§ **DATASET EXTRACT**:
——

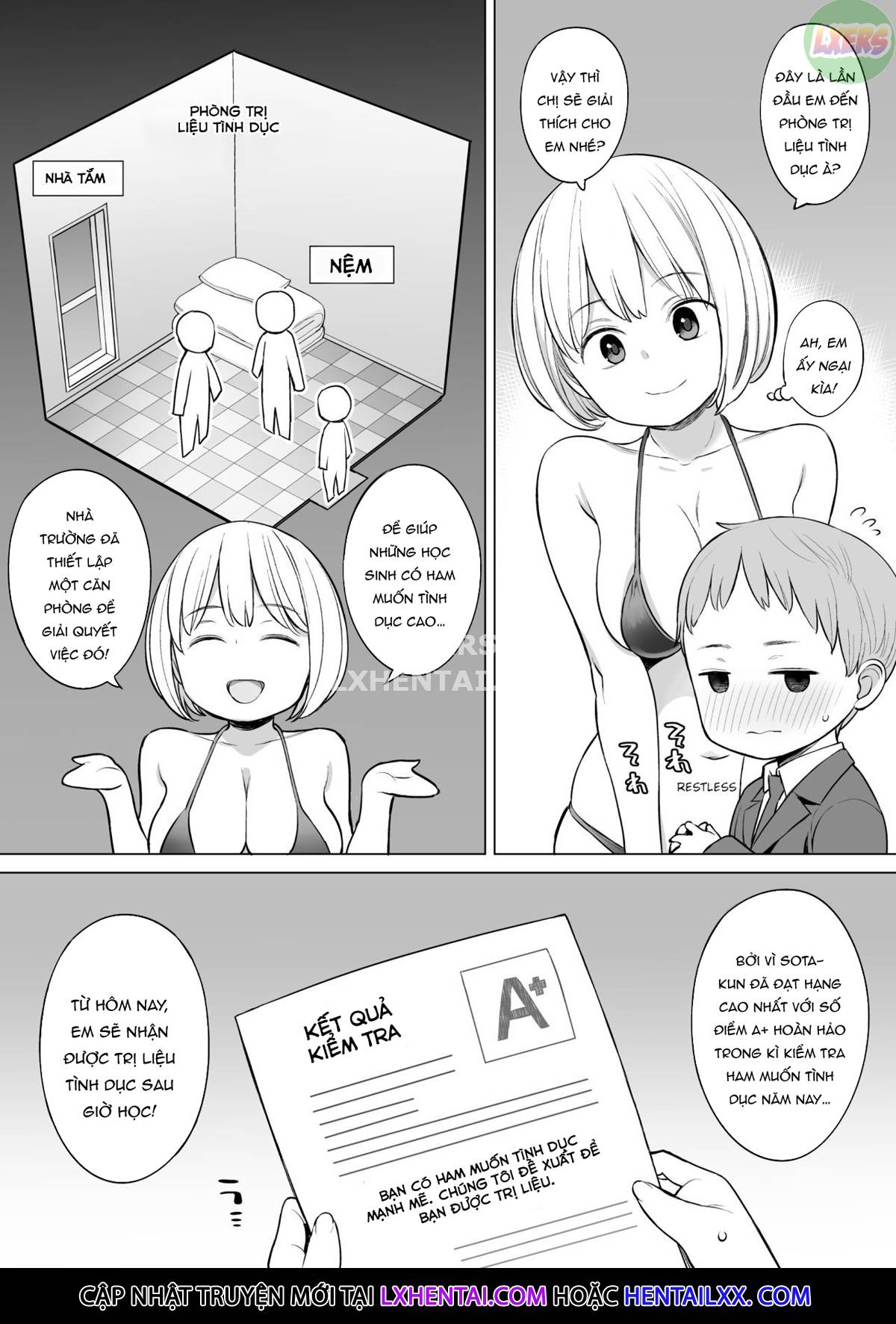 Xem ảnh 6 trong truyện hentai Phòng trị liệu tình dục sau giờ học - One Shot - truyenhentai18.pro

——

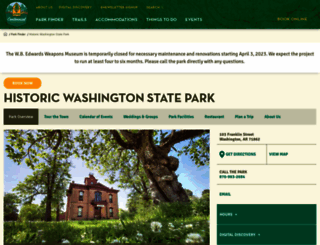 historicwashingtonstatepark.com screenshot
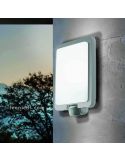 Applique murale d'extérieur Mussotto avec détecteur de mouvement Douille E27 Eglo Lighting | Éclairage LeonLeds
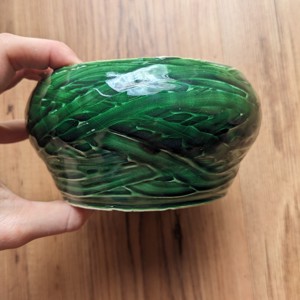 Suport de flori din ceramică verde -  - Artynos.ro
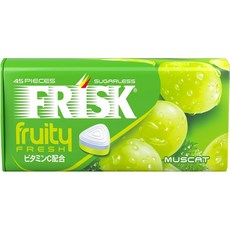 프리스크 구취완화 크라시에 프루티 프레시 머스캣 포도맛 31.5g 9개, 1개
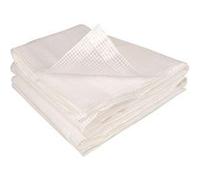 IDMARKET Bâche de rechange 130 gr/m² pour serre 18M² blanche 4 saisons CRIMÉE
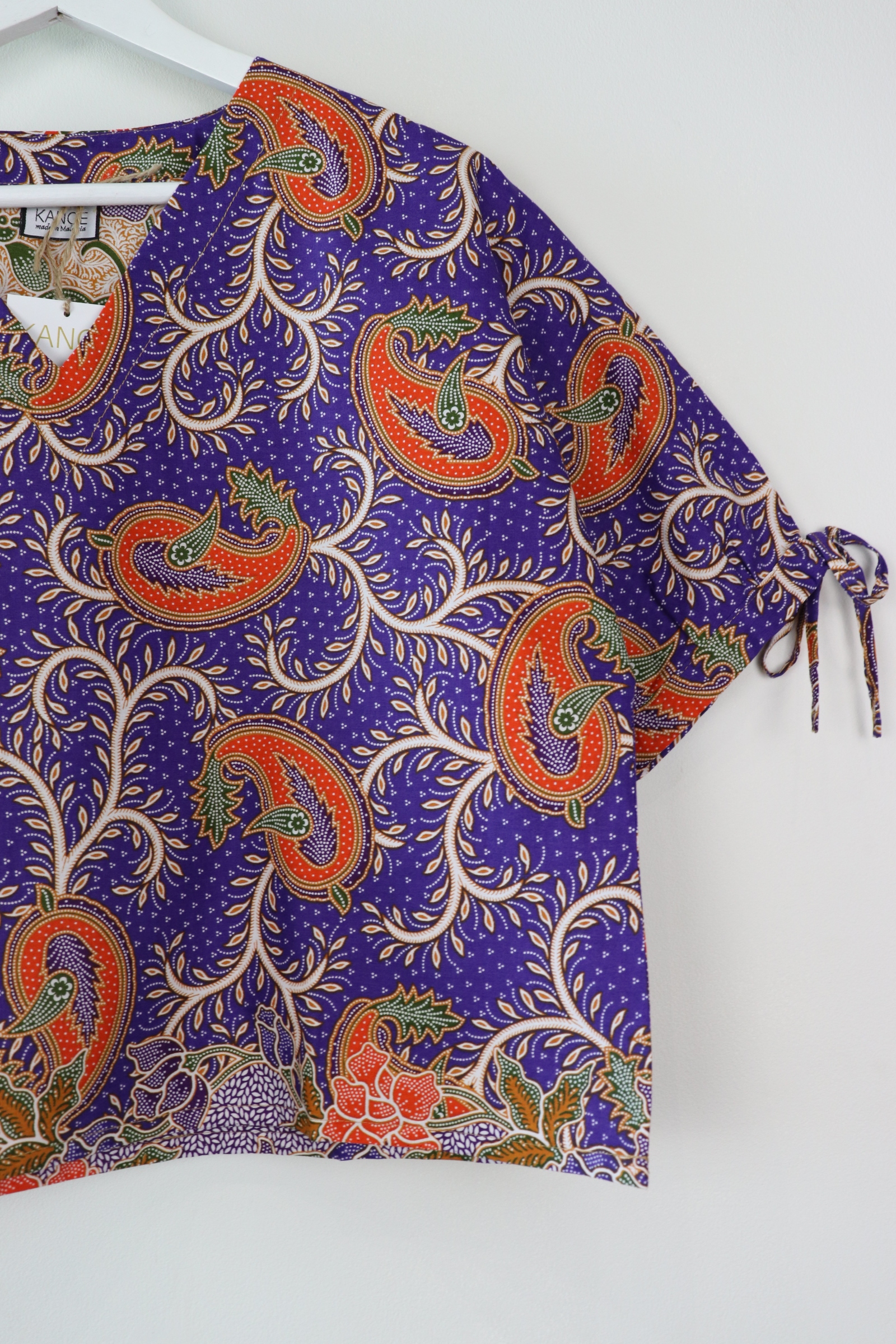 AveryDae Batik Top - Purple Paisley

——

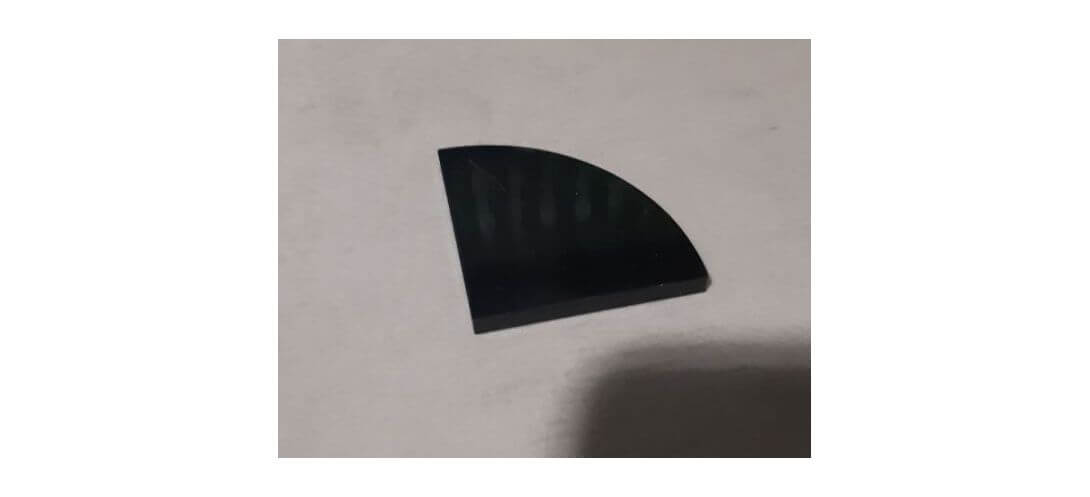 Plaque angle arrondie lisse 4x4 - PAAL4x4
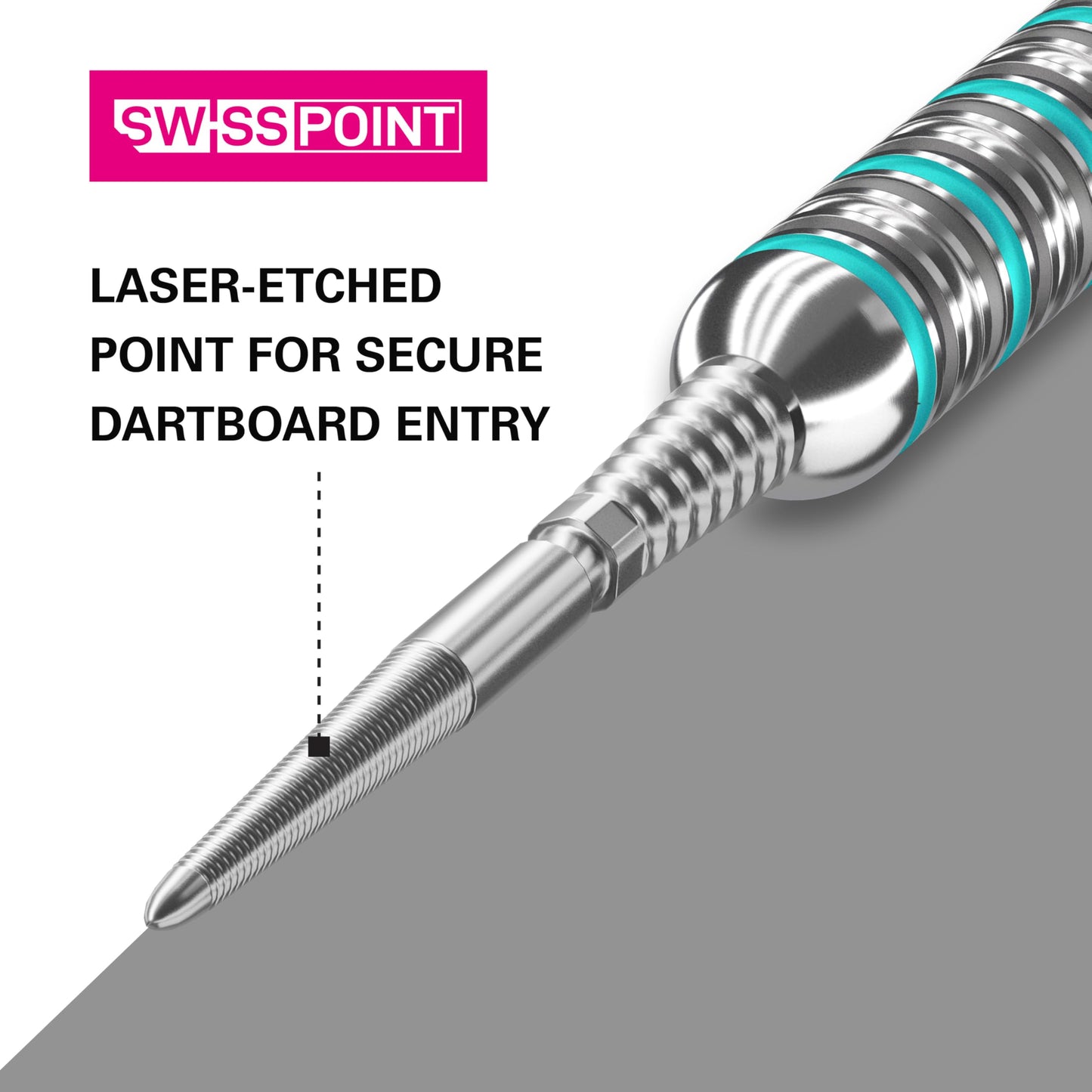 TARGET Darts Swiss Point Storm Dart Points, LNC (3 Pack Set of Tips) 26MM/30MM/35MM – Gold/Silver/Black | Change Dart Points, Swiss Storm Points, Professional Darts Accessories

——

§ **EXERCISE DIRECTIONS**: Write out the lines above from the one with "IDMARKET Bâche de" through the one with "AveryDae Batik Top - Purple Paisley", ends included, exactly; no picture goes in.

§ **RESPONSE**:
 IDMARKET Bâche de rechange 130 gr/m² pour serre 18M² blanche 4 saisons CRIMÉE
 AveryDae Batik Top - Purple Paisley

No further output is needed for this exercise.